### Records to use

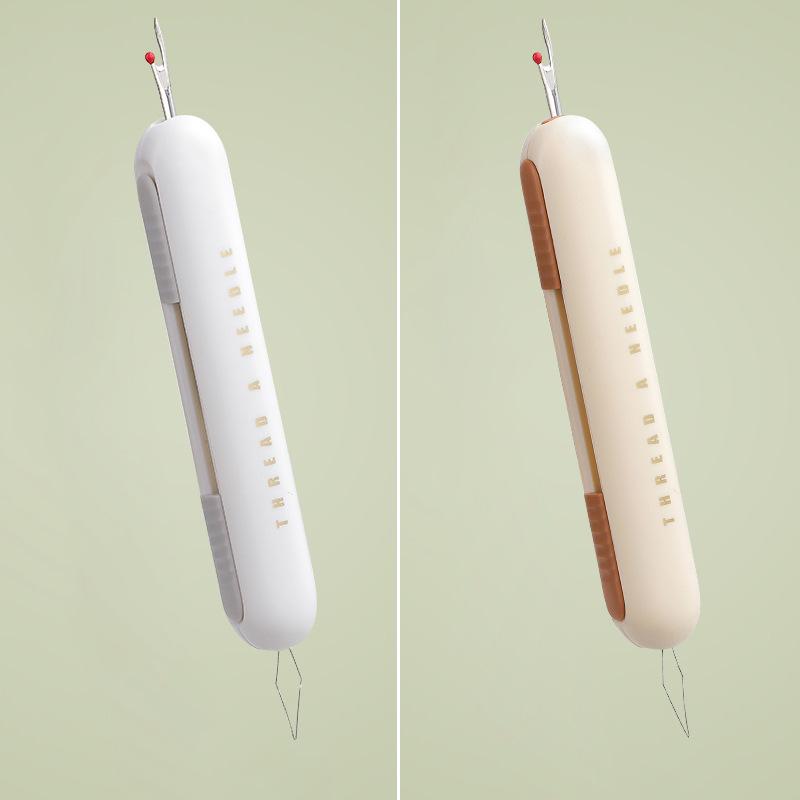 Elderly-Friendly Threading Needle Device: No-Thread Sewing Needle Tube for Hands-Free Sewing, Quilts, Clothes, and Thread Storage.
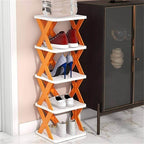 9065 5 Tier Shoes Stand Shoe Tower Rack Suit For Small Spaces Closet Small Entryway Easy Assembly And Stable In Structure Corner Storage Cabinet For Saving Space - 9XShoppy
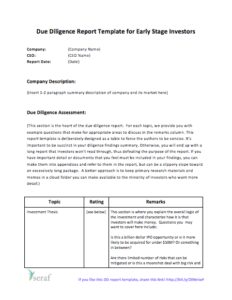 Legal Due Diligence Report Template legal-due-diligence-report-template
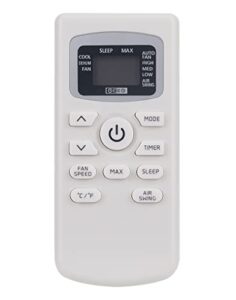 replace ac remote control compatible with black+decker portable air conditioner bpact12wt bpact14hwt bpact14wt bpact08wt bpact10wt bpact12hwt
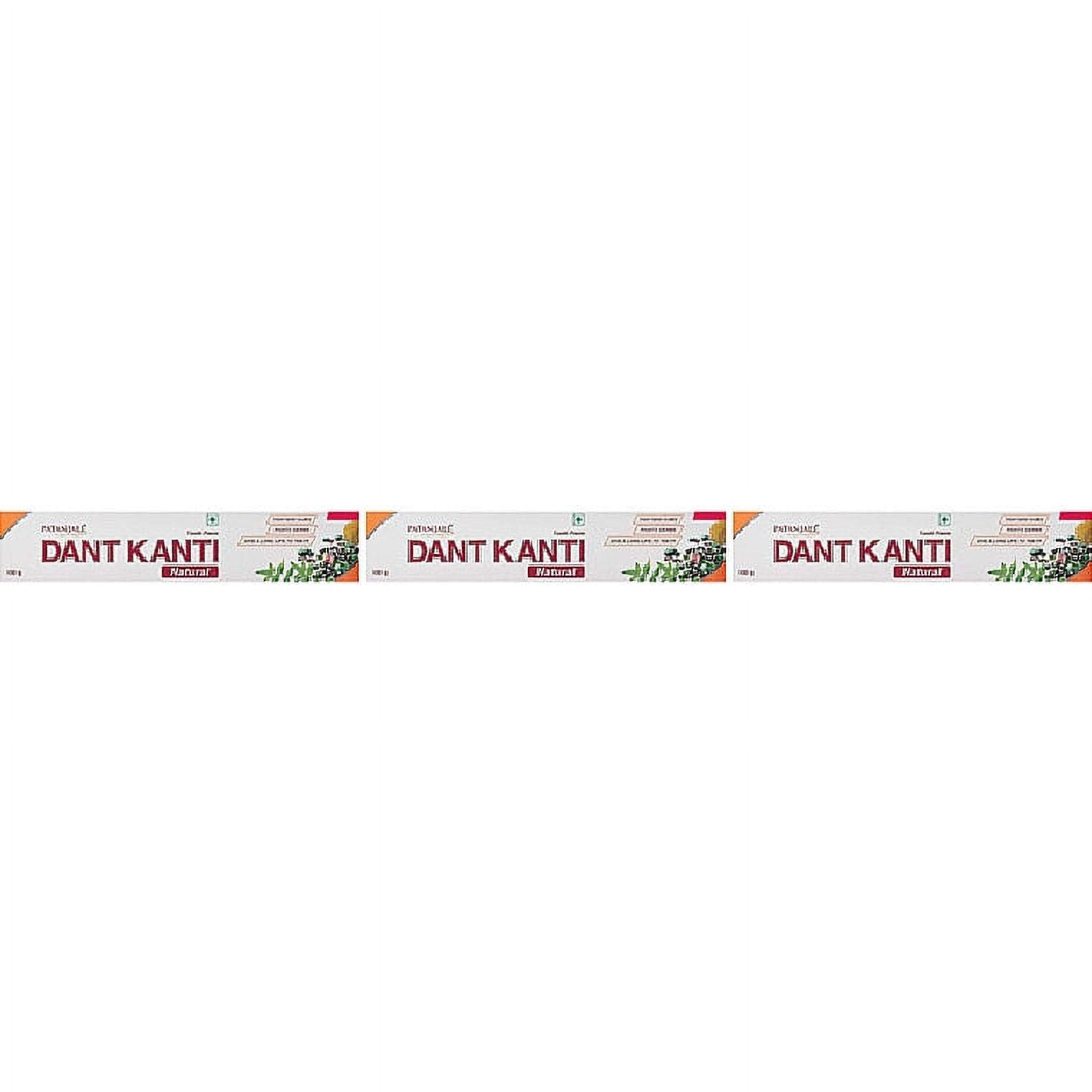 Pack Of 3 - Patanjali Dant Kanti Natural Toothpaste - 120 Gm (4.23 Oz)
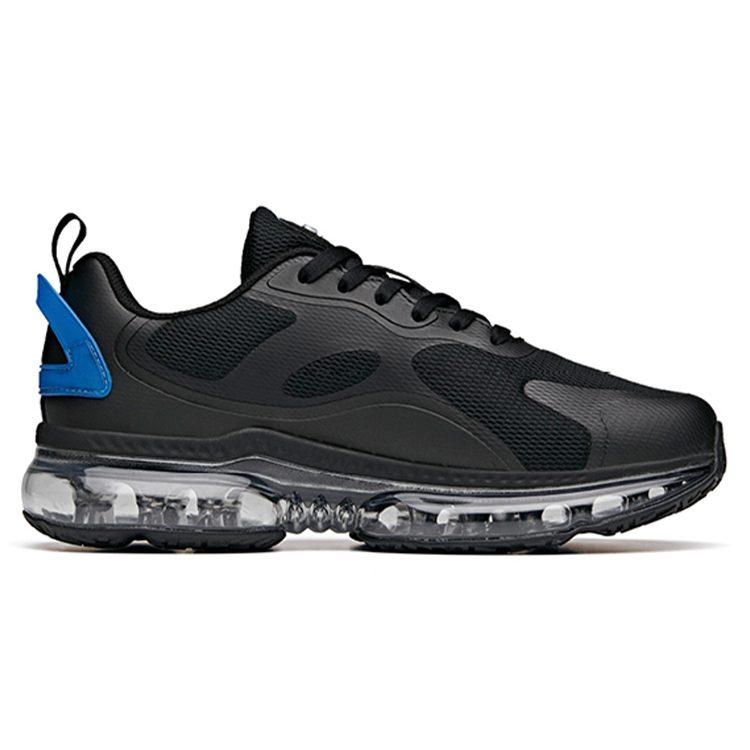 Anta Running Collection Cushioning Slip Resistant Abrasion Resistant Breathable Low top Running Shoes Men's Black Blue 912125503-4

######

* **Assignment**:
Without any picture, return exactly the lines of the records above from the first through the line that contains "Legal Due Diligence".

* **Exercise solution**:
 Elderly-Friendly Threading Needle Device: No-Thread Sewing Needle Tube for Hands-Free Sewing, Quilts, Clothes, and Thread Storage.
 9065 5 Tier Shoes Stand Shoe Tower Rack Suit For Small Spaces Closet Small Entryway Easy Assembly And Stable In Structure Corner Storage Cabinet For Saving Space - 9XShoppy
 Legal Due Diligence Report Template legal-due-diligence-report-template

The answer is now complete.